___ Available data

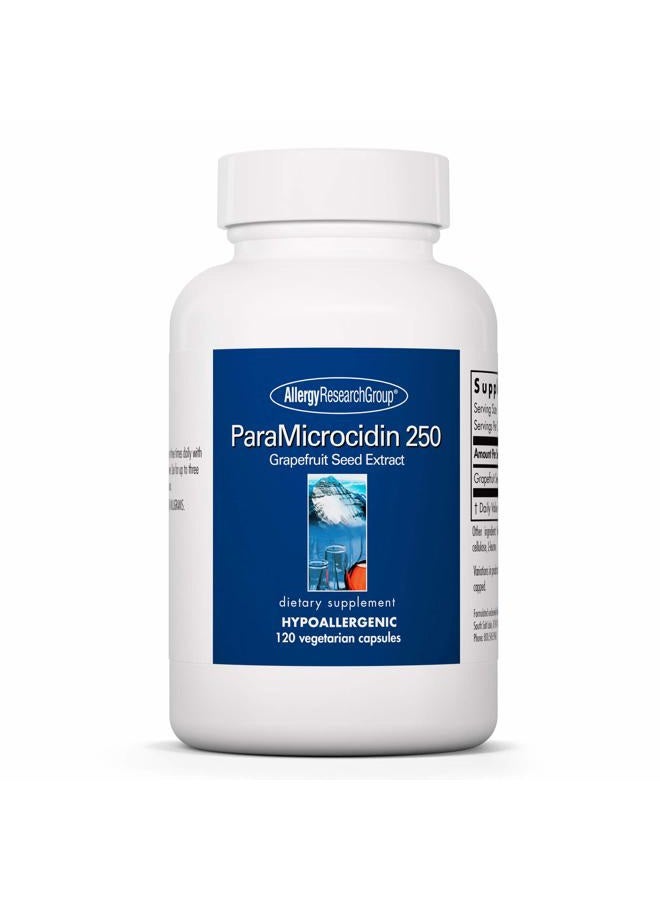 Allergy Research Group ParaMicrocidin 250 Supplement - Grapefruit Seed Extract 500mg, Supports Metabolic Function, Contaminant Free, Vegetarian Capsules - 120 Count - Image 1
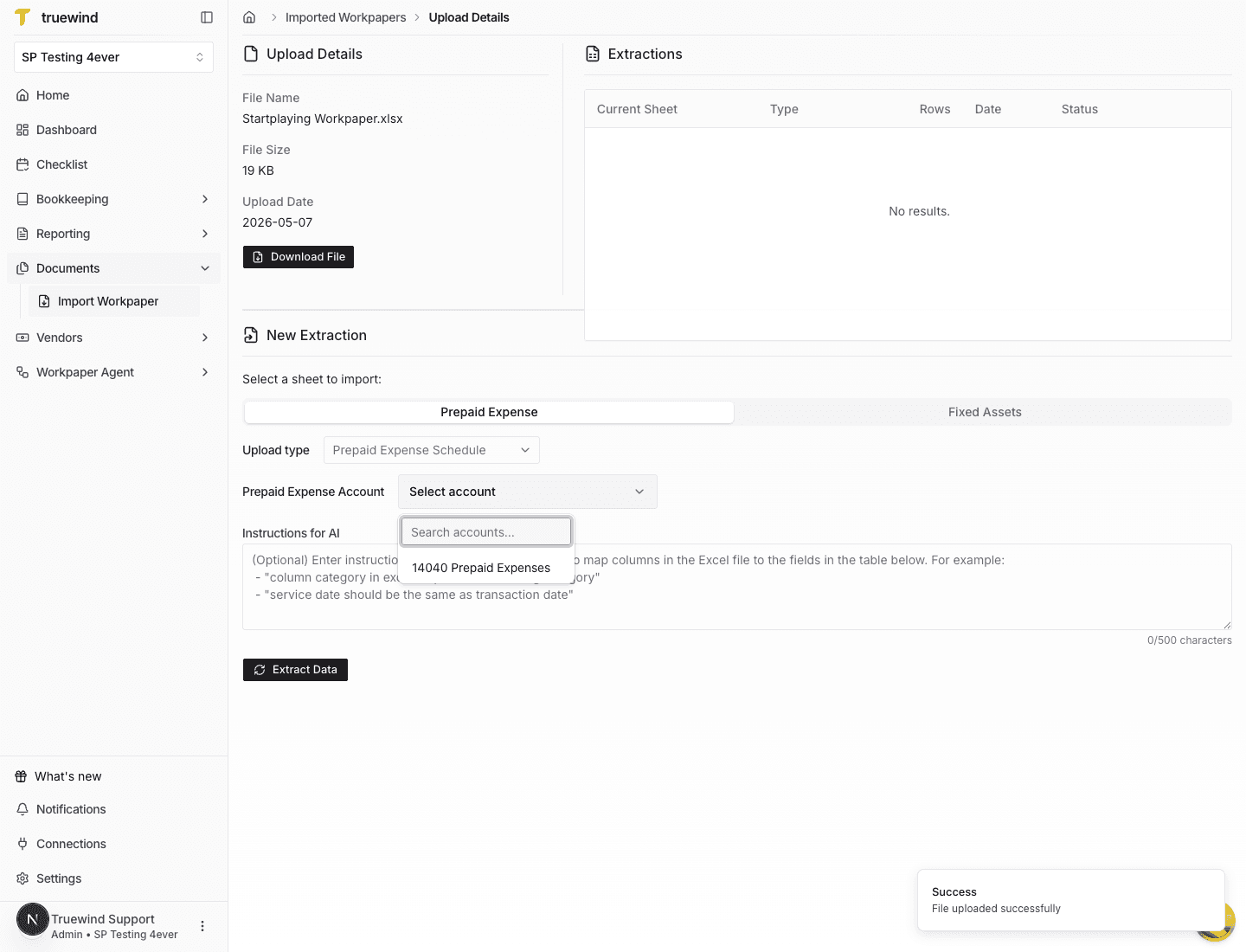 Screenshot showing the account picker opened for the Prepaid Expense Account field.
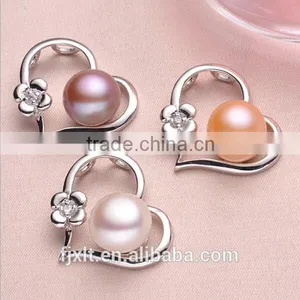 10-11mm Silver Plated Platinum AAAA Grade Pearl Clover Pendant Necklace thumbnail-3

______

| Problem details |
Reproduce the data above line for line, from its first line through the line containing "Screenshot showing the", both ends included, with the pictures omitted and nothing more.

| Task result |
 Allergy Research Group ParaMicrocidin 250 Supplement - Grapefruit Seed Extract 500mg, Supports Metabolic Function, Contaminant Free, Vegetarian Capsules - 120 Count - Image 1
 Screenshot showing the account picker opened for the Prepaid Expense Account field.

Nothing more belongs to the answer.